Last Post, December 13
The boats will start again if Labor gets into power.
If Labor wins next year’s election, watch the asylum-seeker boats return in droves (“Border chief’s asylum warning”, 12/12). Will the refugee advocates accept responsibility for the inevitable drownings at sea?
Remember Julia Gillard’s pre-election promise that there would be no carbon tax under a Labor government? We should all be wary of Bill Shorten’s pledge that there will be no dismantling of offshore processing of refugees if the Labor Party is elected.
I’ve just bought a new iPhone and there on the back it says “Assembled in China”. How do we know China hasn’t compromised Apple phones as well?
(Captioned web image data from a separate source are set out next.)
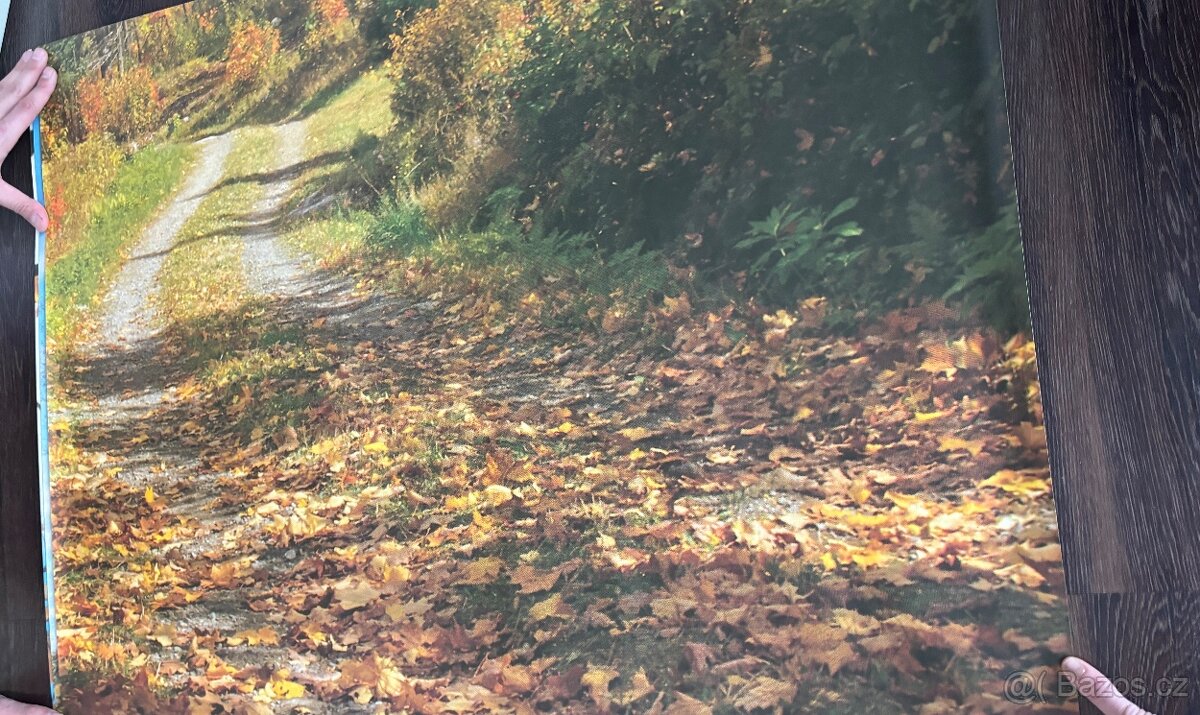 Obrazová tapeta Podzimní romance - 8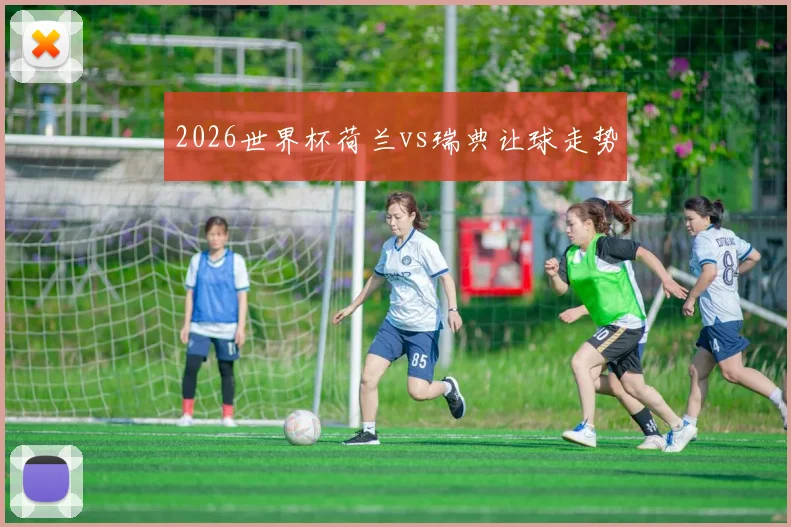 2026世界杯荷兰vs瑞典让球走势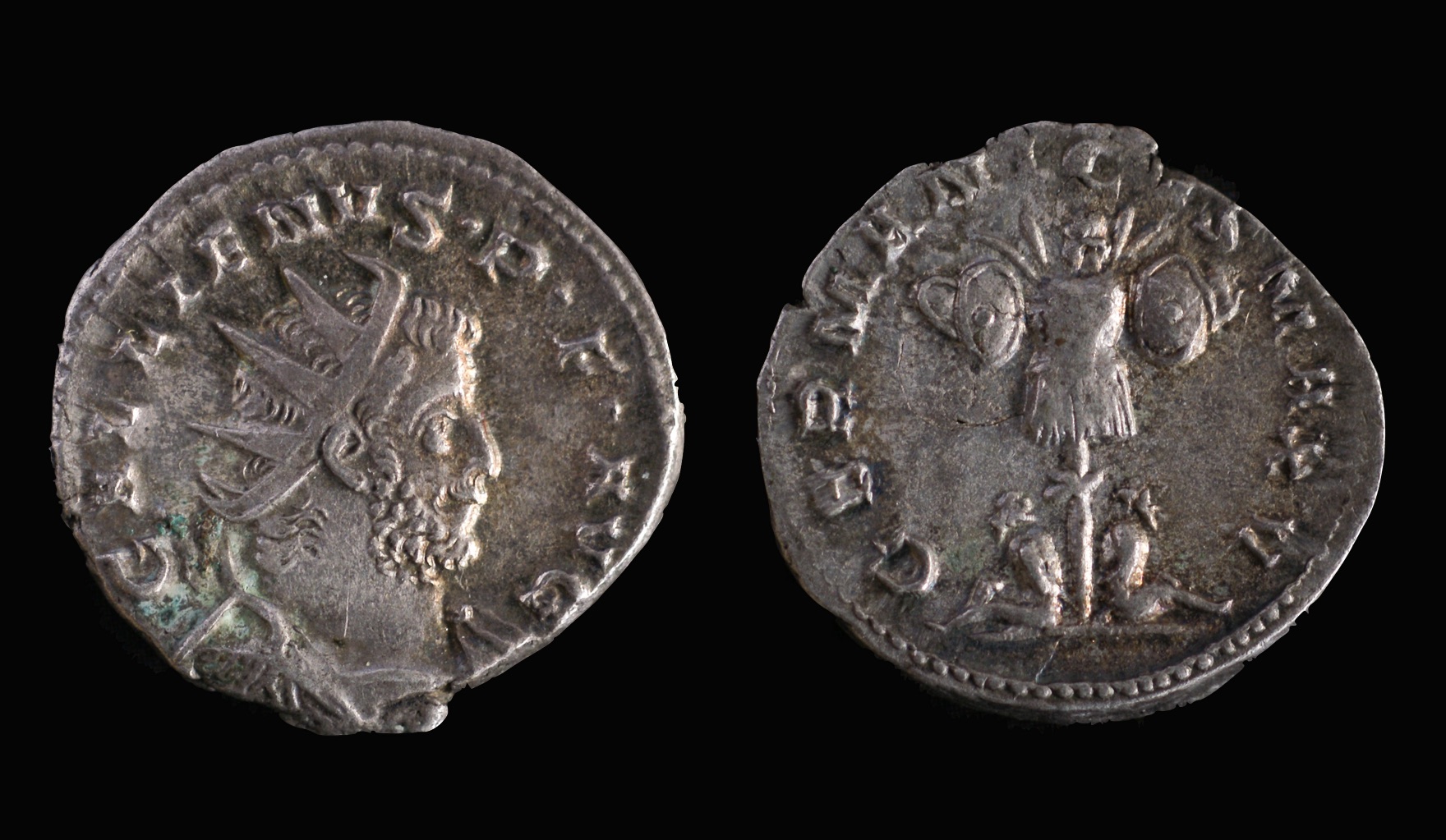 Sear 10224 Gallienus.jpg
There is a reason for excess carry-on luggage. It is to avoid delays at the carousel. If airports improved the service, it would not be an issue.
One has to admire British PM Theresa May’s doggedness in the face of seemingly insurmountable obstacles. Does Jeremy Corbyn really believe he can do better?
It’s not surprising that most new migrants who settle in regional areas remain there for extended periods (“Regional settlers in for the long haul”, 12/12). Country living can be great. The problem with increasing the number dramatically is that the few job vacancies would disappear once the first arrivals settle in.
The vote not to fight for king and country was not a poll of all Oxford University students but the result of a debate in the Oxford Union debating society (Letters, 12/12). The Cambridge Union did not follow suit, but the following week debated and passed the motion that “This house will not fight for King and Harper”, a bicycle store in the city.
Thanks for reminding us of the Oxford Union debate about not fighting for king and country, but the debaters were adults who freely chose to take part. Anyway, debating is more a brain and word sport than a rational search for truth.
Three possible causes of the decline in traditional academic culture are the decline of religious faith in the nation (leading to a growth in hedonism), the increase in population of the nation and its university campuses (leading to over-bureaucratisation) and the role of money as a source of political power within society (leading to corruption of academic ideals).